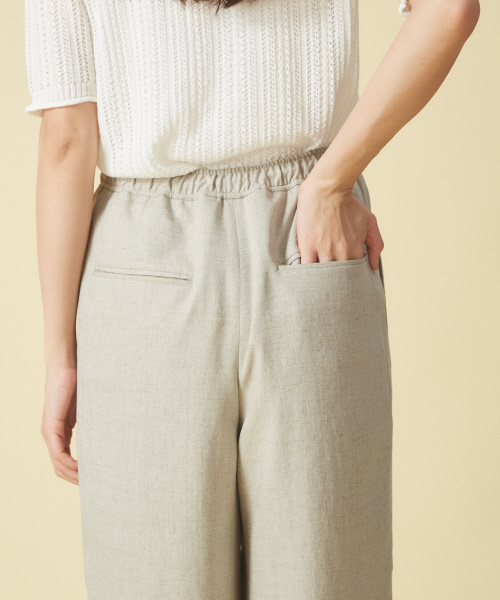 qualite（カリテ）の「リネンライクイージーパンツ（その他パンツ・レディース・ベージュ/ネイビー・40/38/36）」の6枚目の写真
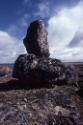 Inuksuk in the Ikpik River area. 
Central Baffin Island, Nunavut, 2002

The Norman Hallendy …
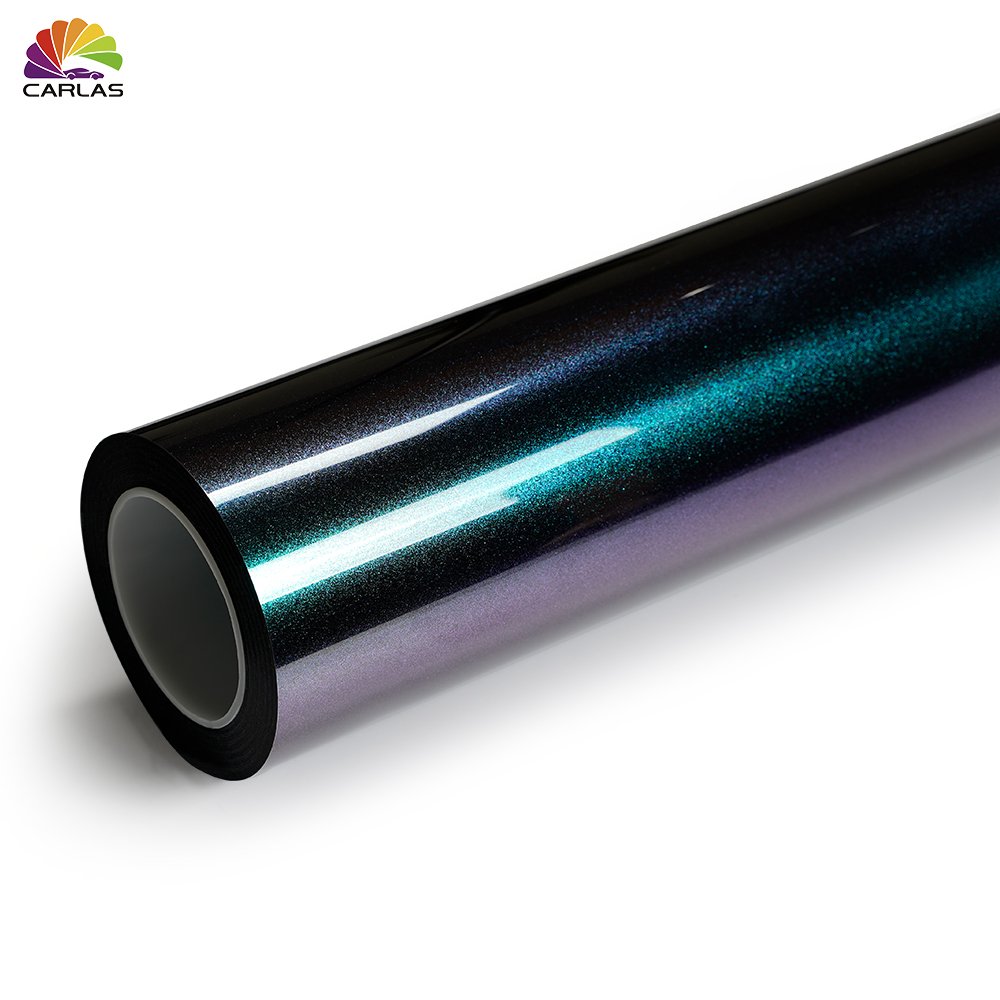 CARLAS Sticker Car Colored PPF Paint Protection Film Car Paint Protection Film Blue Purple Color Hydrophobic Tpu Car Wrap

WHAT YOU ARE ASKED TO DO:
Write out, word for word, the lines running from the one containing "The Norman Hallendy …" to the end of the data above; the pictures are to be left out.

EXERCISE RESPONSE:
The Norman Hallendy …
 CARLAS Sticker Car Colored PPF Paint Protection Film Car Paint Protection Film Blue Purple Color Hydrophobic Tpu Car Wrap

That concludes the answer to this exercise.